Here are the sample sizes:

Fastballs vs RHH 2008-09: 2002
Fastballs vs LHH 2008-09: 2209
Fastballs vs RHH 2010: 527 
Fastballs vs LHH 2010: 449

Changeups vs RHH 2008-09: 365
Changeups vs LHH 2008-09: 824
Changeups vs RHH 2010: 201
Changeups vs LHH 2010: 330

Curveballs vs RHH 2008-09: 488
Curveballs vs LHH 2008-09: 483
Curveballs vs RHH 2010: 213
Curveballs vs LHH 2010: 162

The LOESS regression model is a surface fit, where the X location and the Y location of each baseball pitch is used to predict sw, swinging strike probability. However, I'd like to compare between all 12 of these models, but setting the same span (i.e. span = 0.5) will bear different results since there is such a wide range of sample sizes.

My basic question is how do you determine the span of your model? A higher span smooths out the fit more, while a lower span captures more trends but introduces statistical noise if there is too little data. I use a higher span for smaller sample sizes and a lower span for larger sample sizes.

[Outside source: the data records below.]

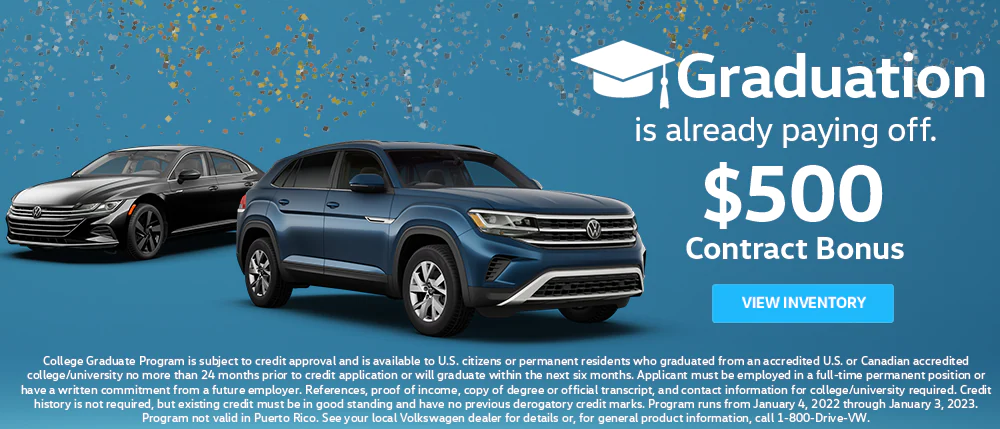 $500 Contract Bonus at Volkswagen of Freehold Freehold NJ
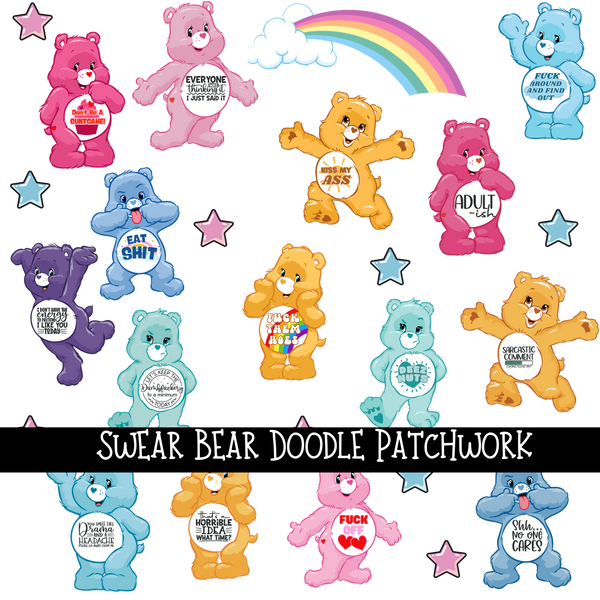 Swear Bears Doodle Patchwork Set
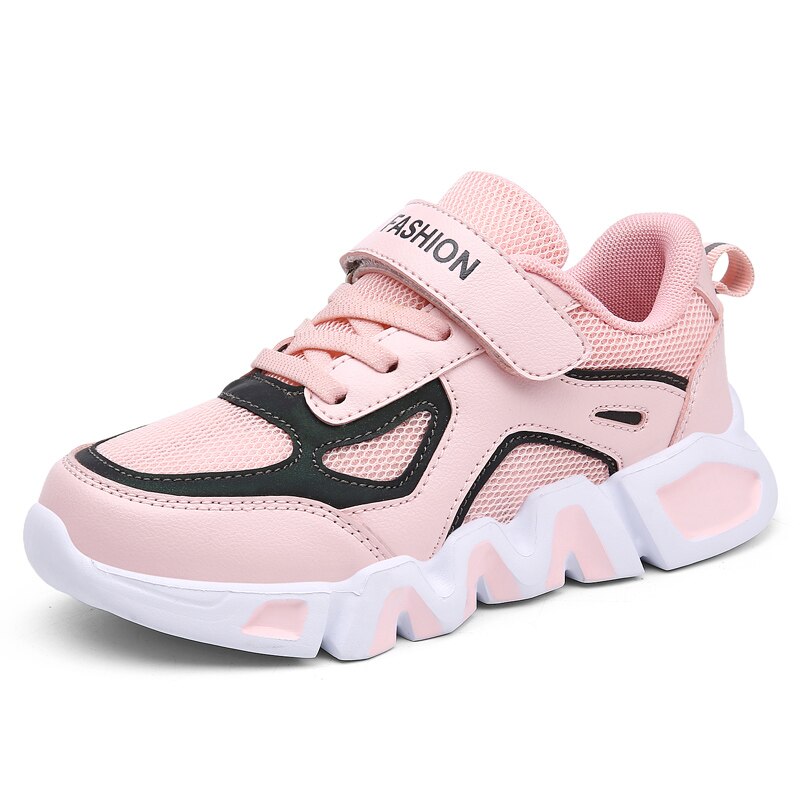 Kids Running Shoes Lightweight Outdoor Boys Girls Sport Walking Sneakers Beige Pink Children Running Sneakers Trainer: Pink / 37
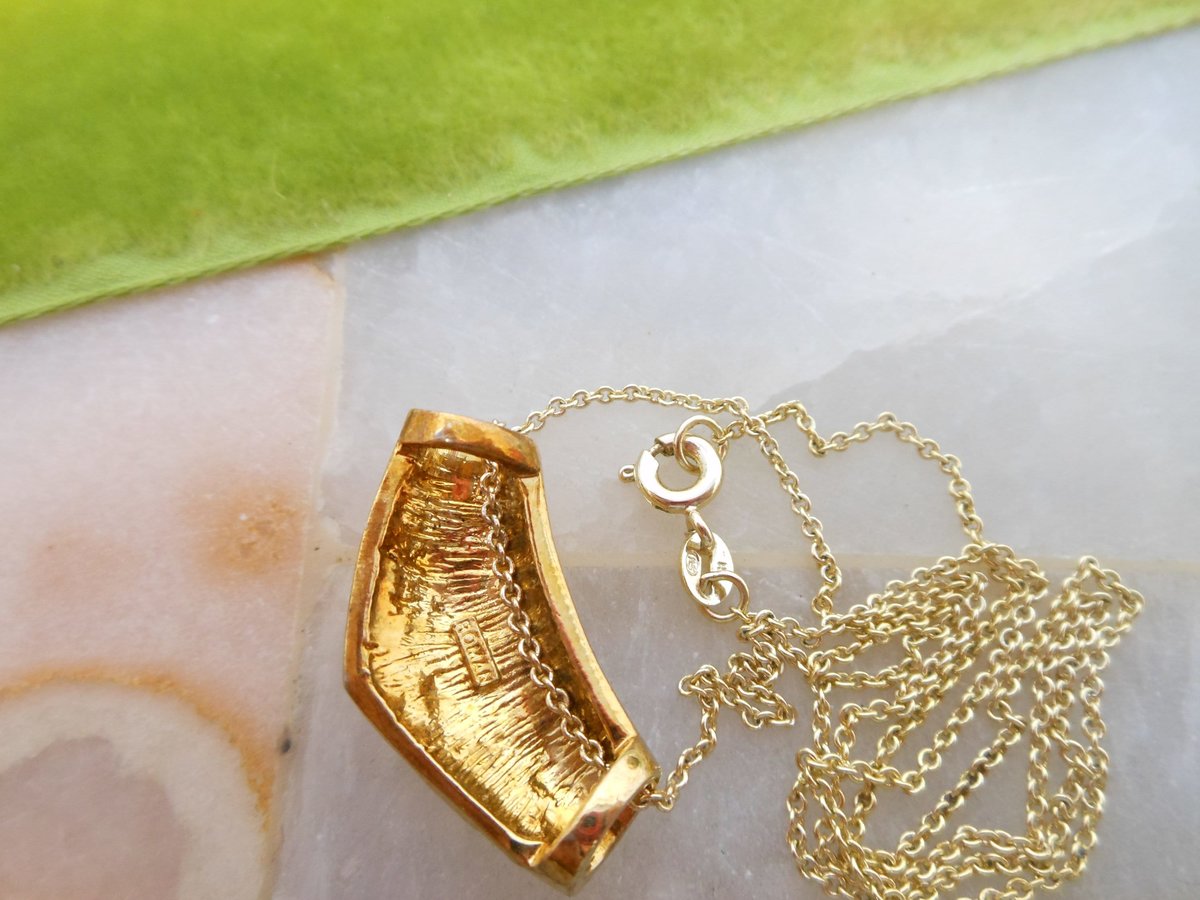 Vintage ROMAN Glamour Slide Pendant Necklace Clear Ice Rhinestone Gold Plate Designer Jewelry Gift, VivianJoel.com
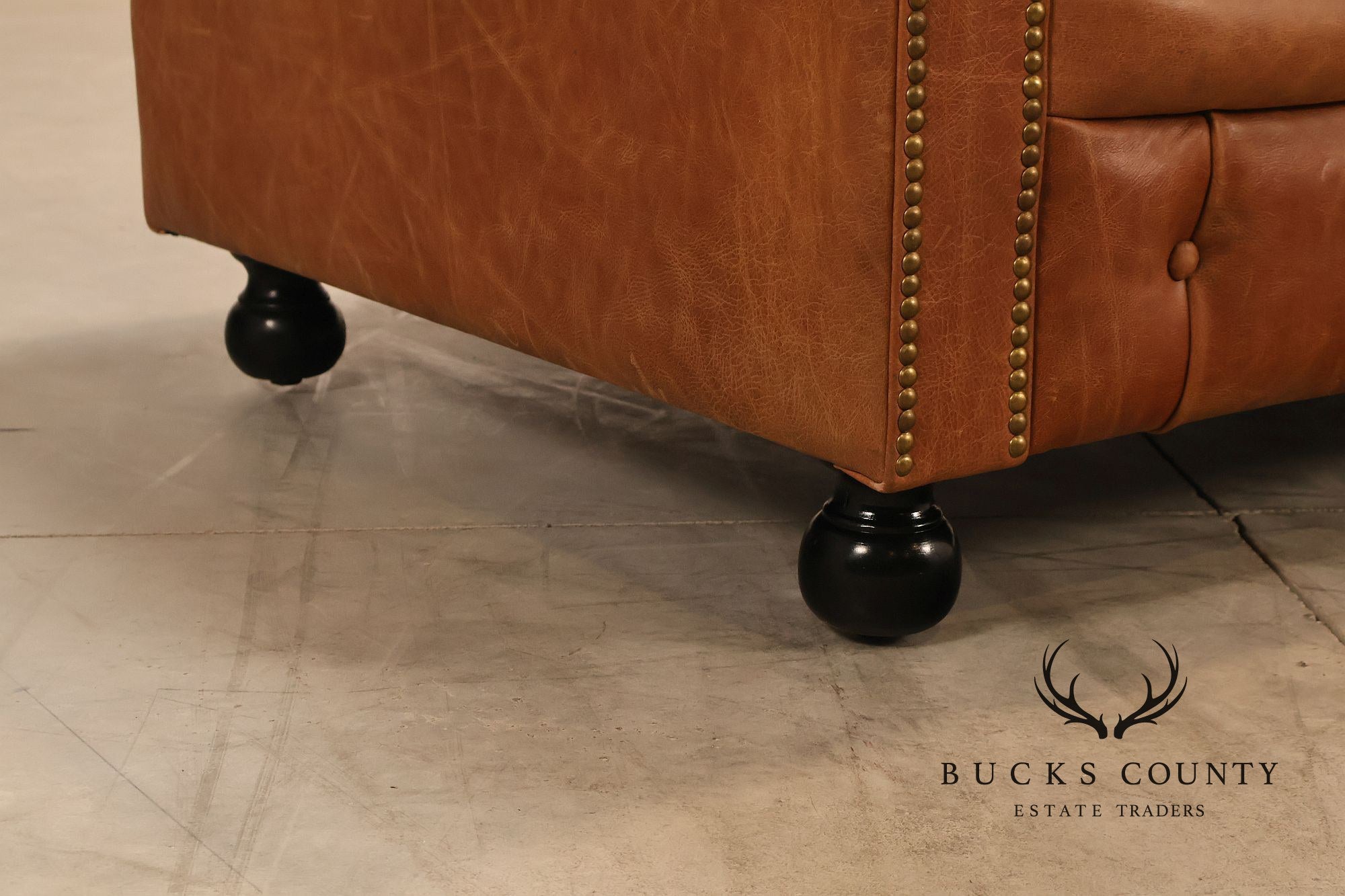 Chesterfield Style 8 Foot Distressed Brown Tufted Leather Sofa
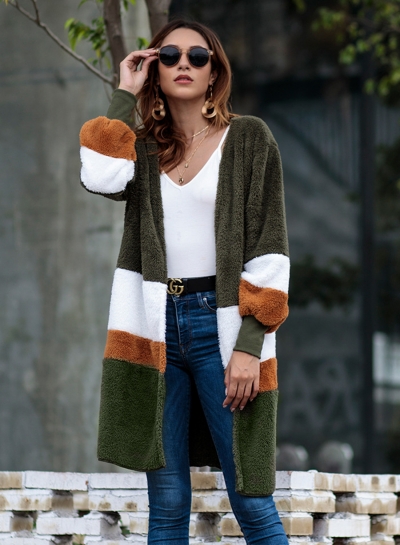 Autumn Winter Mid-length Color Block Cardigan Plush Coat zecalaba.com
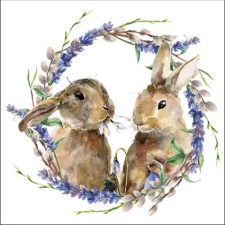  Rabbit Wreath papírszalvéta 33x33cm, 20db-os konyhai eszköz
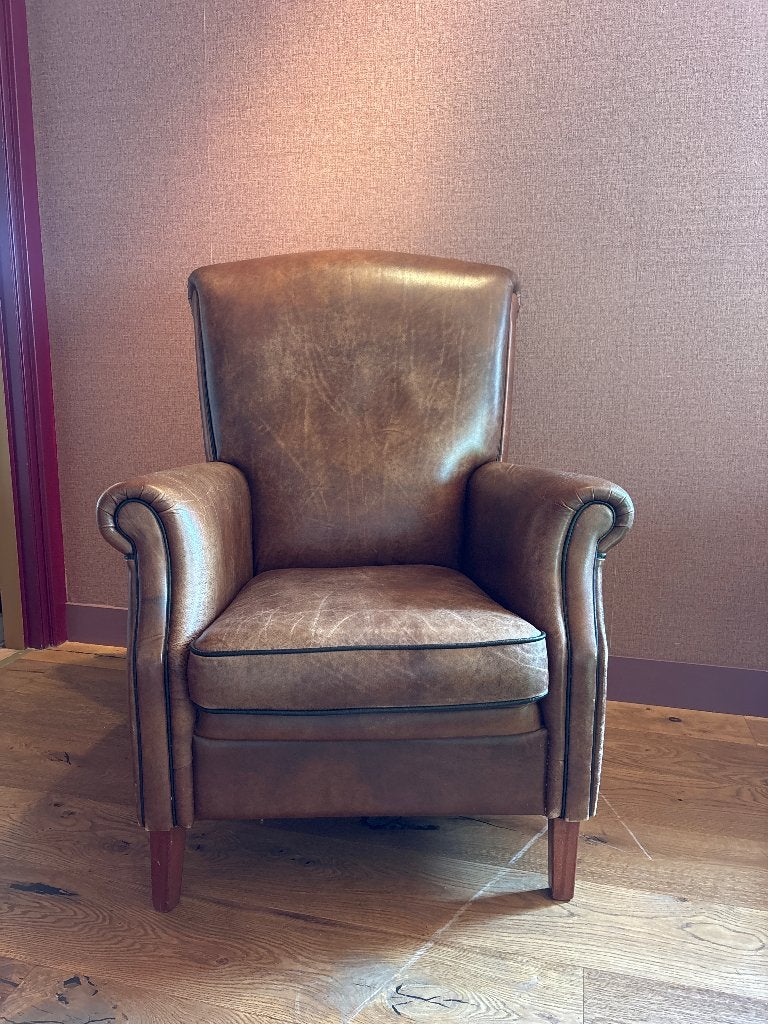 Klassieke fauteuil cognacbruin – zeer nette staat, Ophalen, Zo goed als nieuw, 50 tot 75 cm, Leer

What should I do? What's a good rule of thumb when setting span for LOESS regression models in R? Thanks in advance!

Best Answer

A cross-validation is often used, for example k-fold, if the aim is to find a fit with lowest RMSEP. Split your data into k groups and, leaving each group out in turn, fit a loess model using the k-1 groups of data and a chosen value of the smoothing parameter, and use that model to predict for the left out group. Store the predicted values for the left out group and then repeat until each of the k groups has been left out once. Using the set of predicted values, compute RMSEP. Then repeat the whole thing for each value of the smoothing parameter you wish to tune over. Select that smoothing parameter that gives lowest RMSEP under CV.

This is, as you can see, fairly computationally heavy. I would be surprised if there wasn't a generalised cross-validation (GCV) alternative to true CV that you could use with LOESS - Hastie et al (section 6.2) indicate this is quite simple to do and is covered in one of their exercises.

I suggest you read section 6.1.1, 6.1.2 and 6.2, plus the sections on regularisation of smoothing splines (as the content applies here too) in Chapter 5 of Hastie et al. (2009) The Elements of Statistical Learning: Data mining, inference, and prediction. 2nd Edition. Springer. The PDF can be downloaded for free.